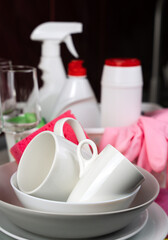 Clean dishes and on the background detergents on the table at the kitchen. Close-up. Selective focus.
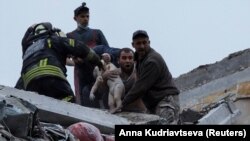  Спасители и доброволци вадят дете под останките от жилищна постройка в Славянск след съветската офанзива от 14 април 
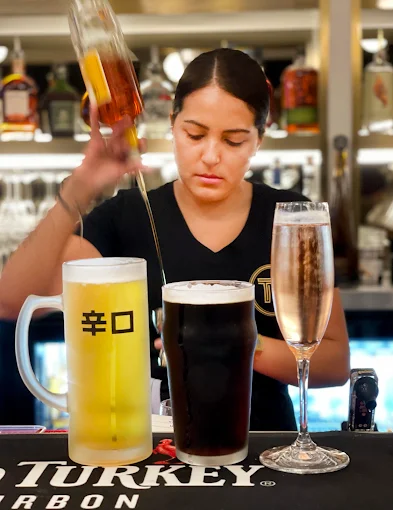 A bartender pouring drinks at the bar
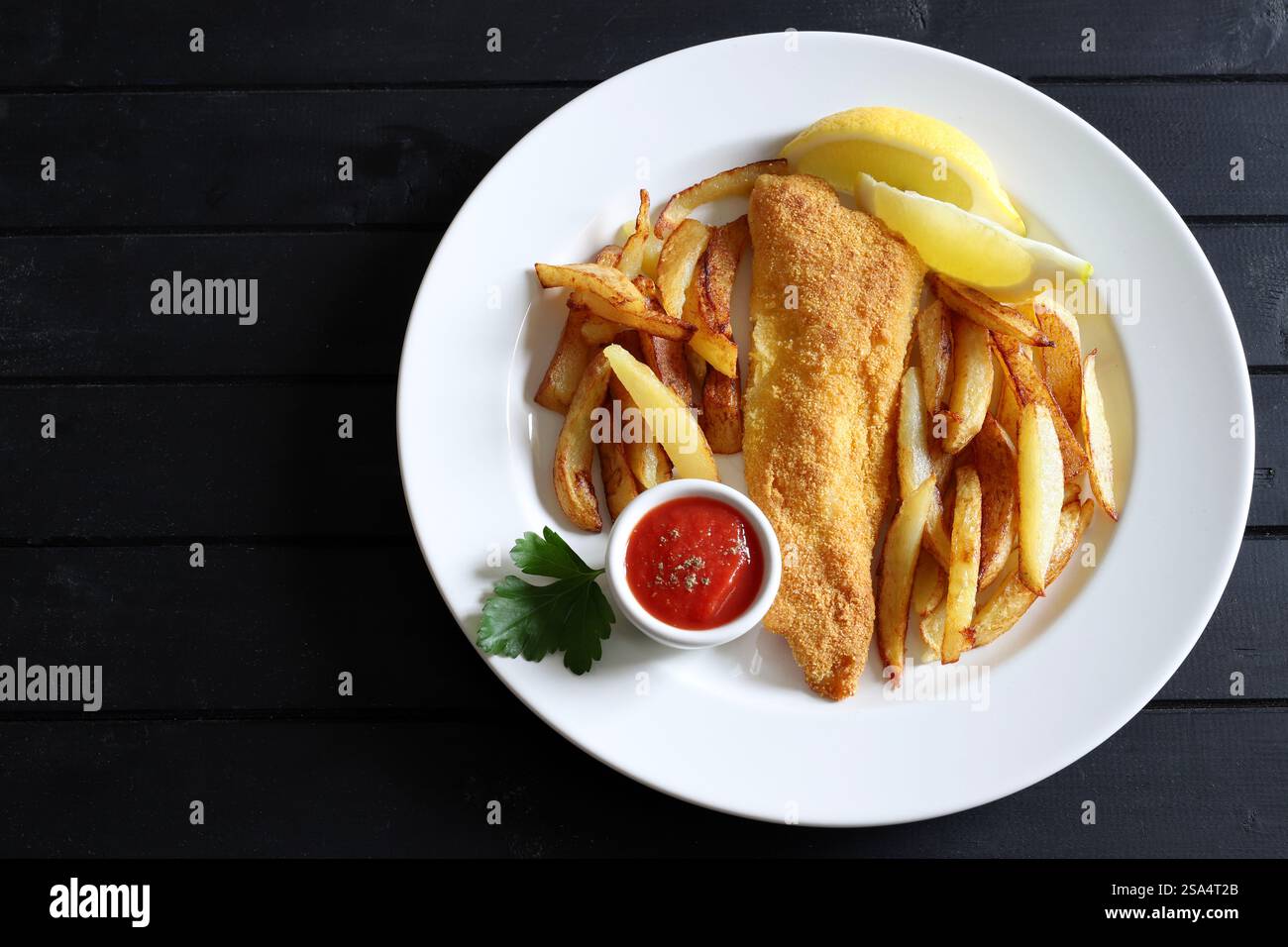 Pesce fritto e patatine fritte servite con salsa e limone a fette nel piatto su sfondo nero di legno. Piatto di pesce britannico. Direttamente sopra. Foto Stock
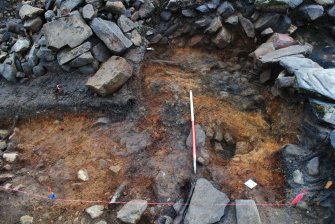 Mid-excavation image of Trench 1, south extension, showing cobble fill at base of deposit in top right and posthole 186 (centre right), Comar Wood Dun, Cannich, Strathglass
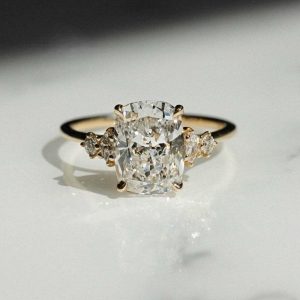 Cushion-cut three-stone diamond engagement ring with graduated side stones
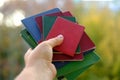 Stack of old personal documents in female hand, passports, diplomas, licenses, social certificates, citizen of USSR middle of Royalty Free Stock Photo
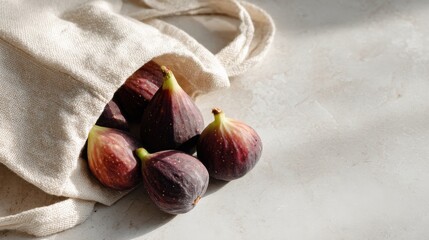 Fresh figs in a cotton bag on stone surface ,National Fig Week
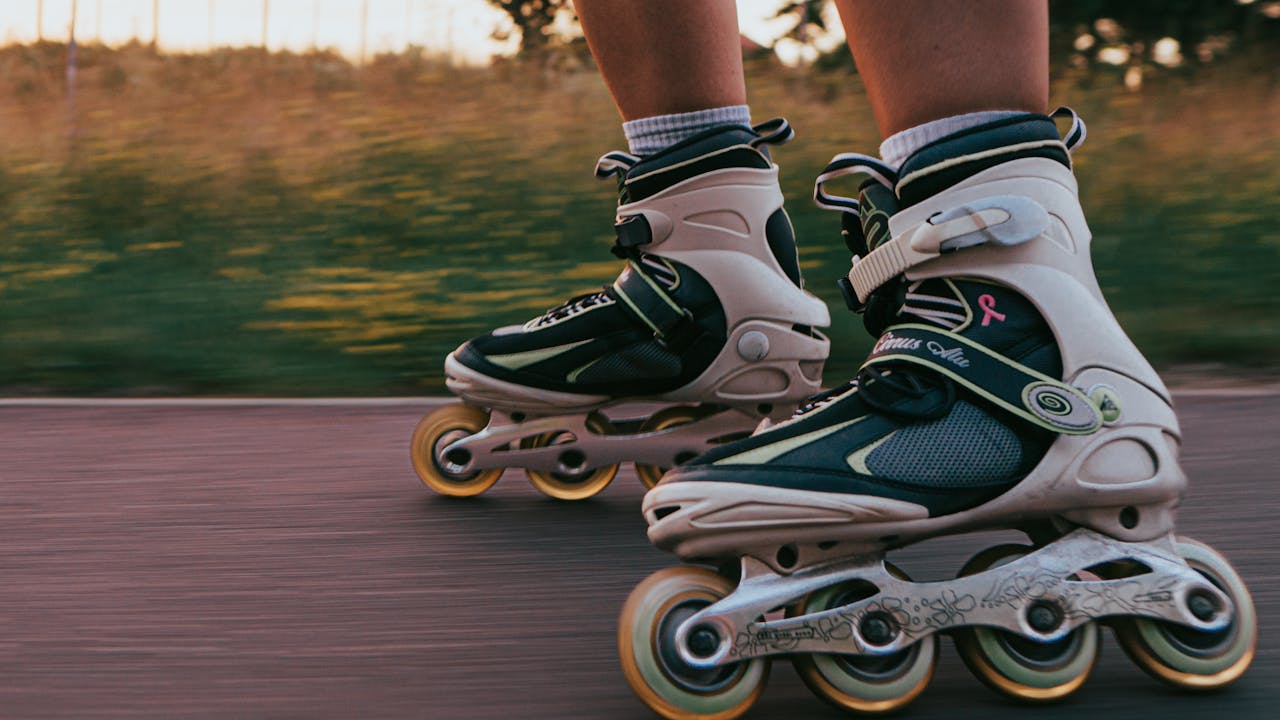 Dynamic close-up of rollerblades in motion on an outdoor path, capturing the essence of speed and movement.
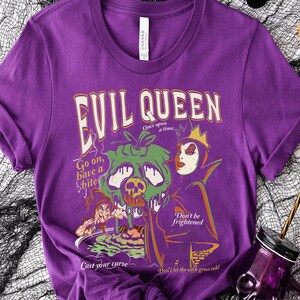 May include: Purple t-shirt with a graphic print of the Evil Queen from Snow White. The graphic includes the text "Evil Queen", "Once upon a time...", "Go on, have a bite", "Cast your curse", "Don't be frightened", and "Don't let the wish grow cold".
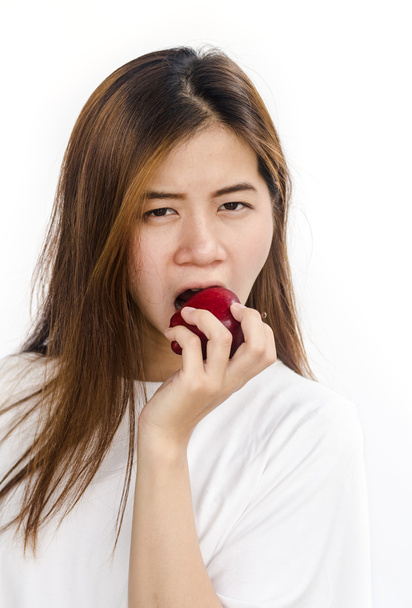 Молода жінка їсть яблуко
. - Фото, зображення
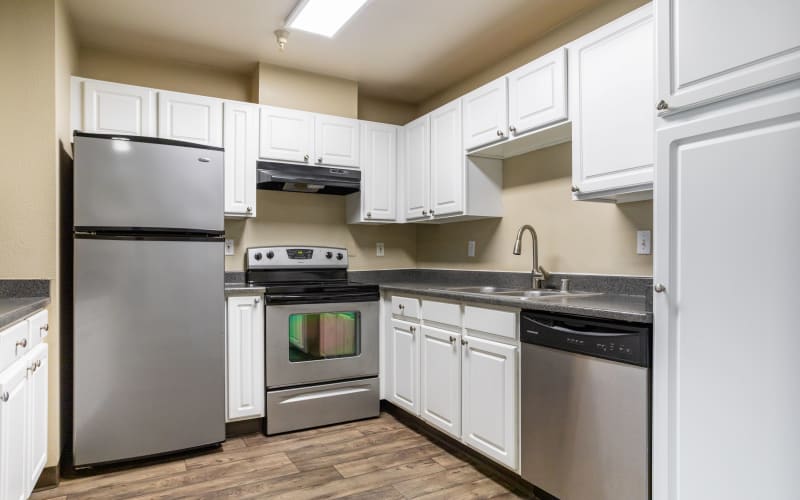 Renovated kitchen with white cabinets at Pebble Cove Apartments in Renton, Washington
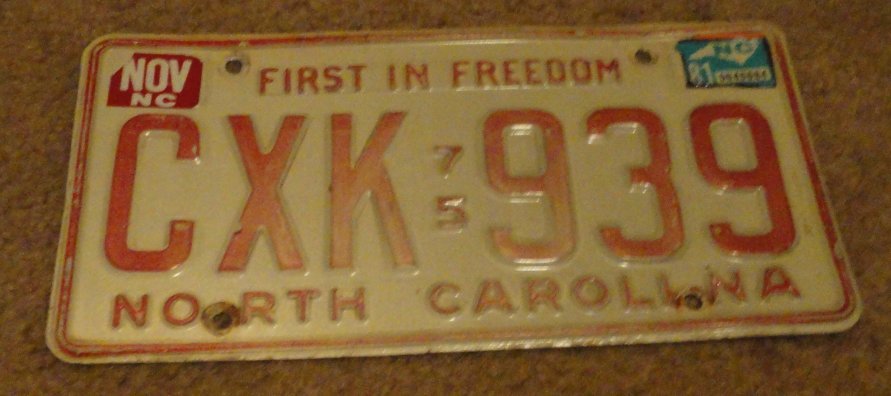 1975 CXK 939 North Carolina license plate with 1981 and November sticker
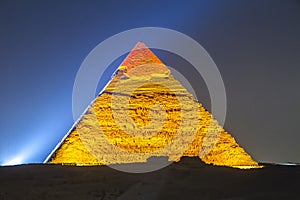 Great Pyramid of Giza illuminated at night, UNESCO World Heritage site, Cairo, Egypt.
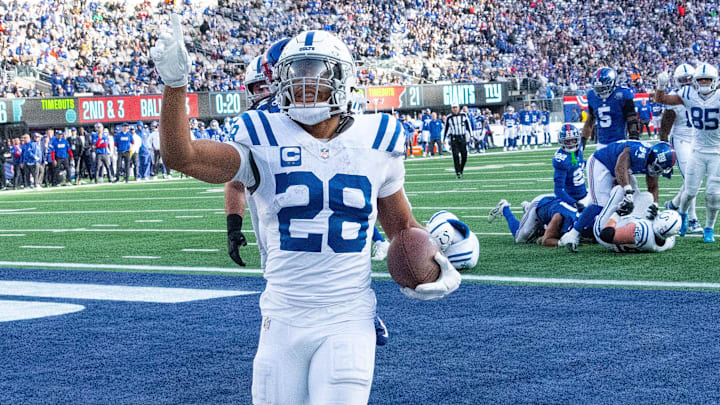 Dec 29, 2024; East Rutherford, New Jersey, USA; Indianapolis Colts running back Jonathan Taylor (28) scoring a 2nd quarter touchdown against the New York Giants at MetLife Stadium. Mandatory Credit: Robert Deutsch-Imagn Images Dec 29, 2024; East Rutherford, New Jersey, USA; Indianapolis Colts running back Jonathan Taylor (28) scoring a 2nd quarter touchdown against the New York Giants at MetLife Stadium. Mandatory Credit: Robert Deutsch-Imagn Images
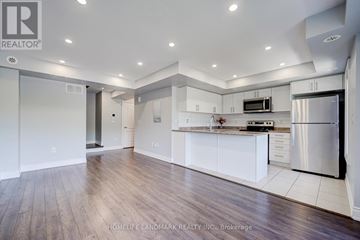 Markham (Cornell) townhouse for rent - A modern kitchen with white cabinets and a stainless steel refrigerator.
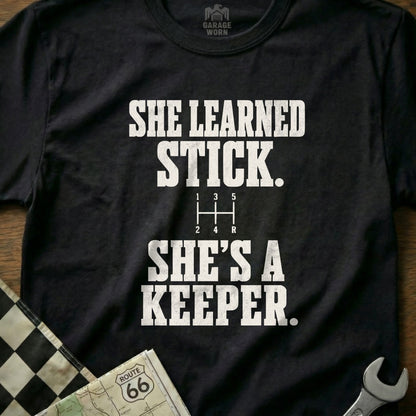 Black t-shirt with white text: "SHE LEARNED STICK. SHE'S A KEEPER."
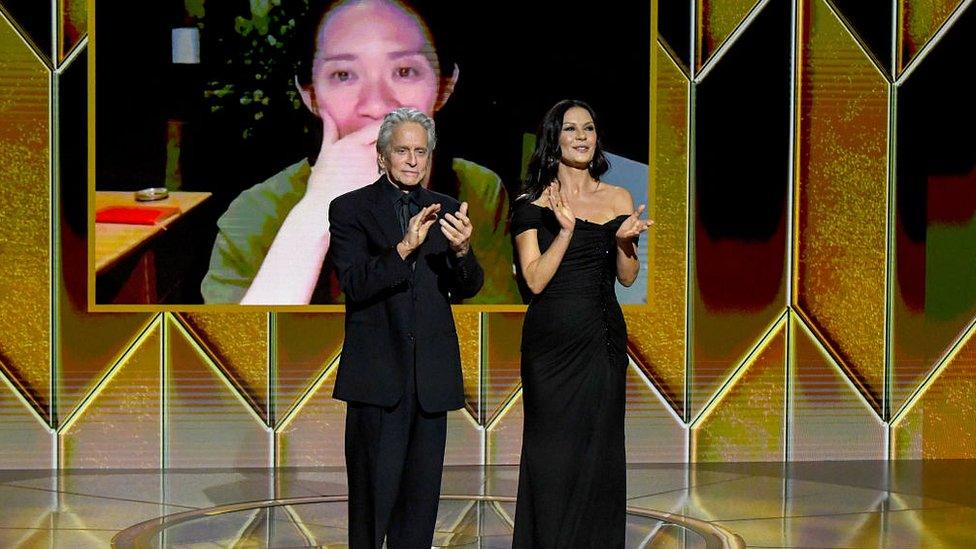 Michael Douglas and Catherine Zeta-Jones present the award for Best Picture Drama to Chloé Zhao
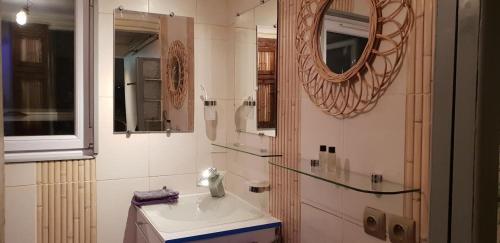 a bathroom with a sink and a mirror at Le Coq De Champagne in Dormans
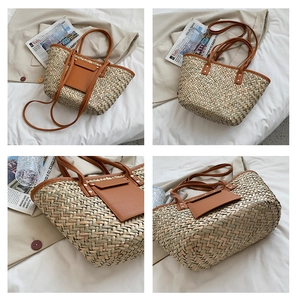 Detail view of woven straw tote bag with brown leather handles and front pocket detail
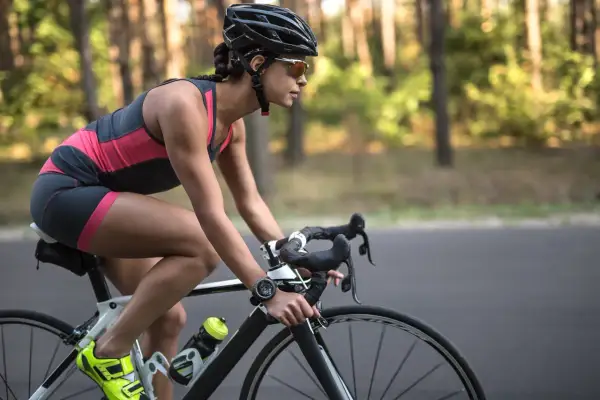 Kobieta w kasku i okularach jedzie na rowerze szosowym przez las. Widać jej nogi w sportowym stroju i zegarek na ręce. To dowód, że jazda na rowerze efekty po miesiącu są widoczne!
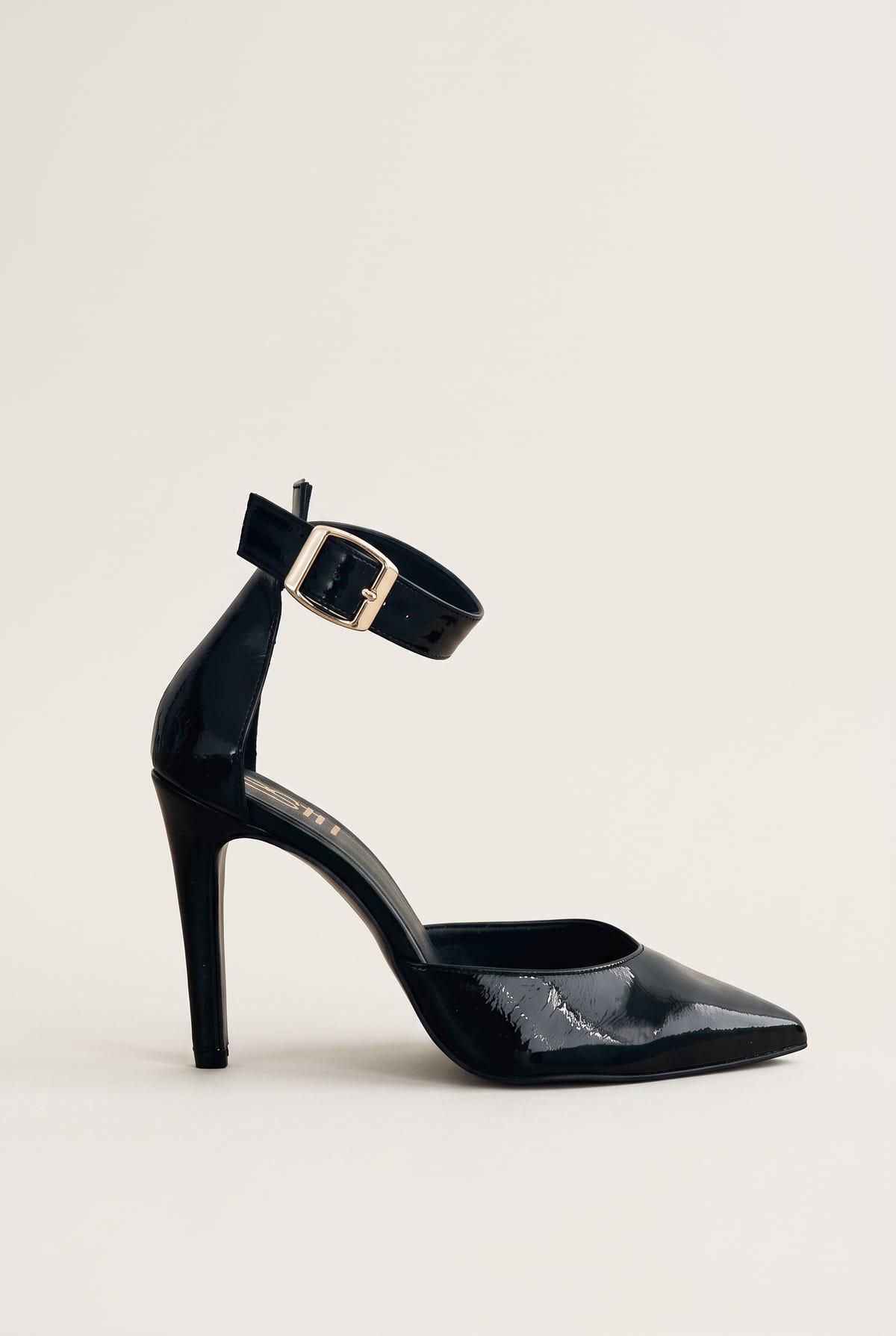 Side view of a black patent stiletto pump with a pointed toe, slim high heel and gold buckled ankle strap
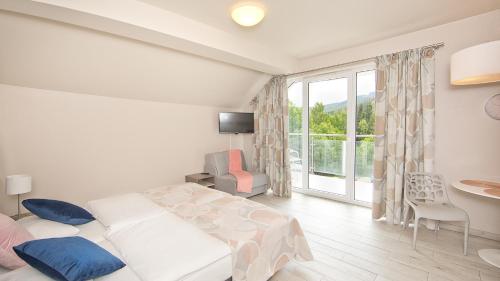 เตียงในห้องที่ Tignes - Czarna Góra Resort by Sun & Snow z nielimitowanym basenem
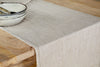 The nkuku Junto Linen Runner- Natural - Large drapes over a wooden table, while two stacked ceramic bowls with metallic silverware to the left highlight this durable table linen’s timeless elegance.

★ ★ ★ ★

▶ **Brief**: Return the stretch of data that begins with the line showing "Black t-shirt with" and goes on through the line showing "Detail view of", exactly, with pictures removed.

▶ **Answer to this task**:
 Black t-shirt with white text: "SHE LEARNED STICK. SHE'S A KEEPER."
 Michael Douglas and Catherine Zeta-Jones present the award for Best Picture Drama to Chloé Zhao
 a bathroom with a sink and a mirror at Le Coq De Champagne in Dormans
 Detail view of woven straw tote bag with brown leather handles and front pocket detail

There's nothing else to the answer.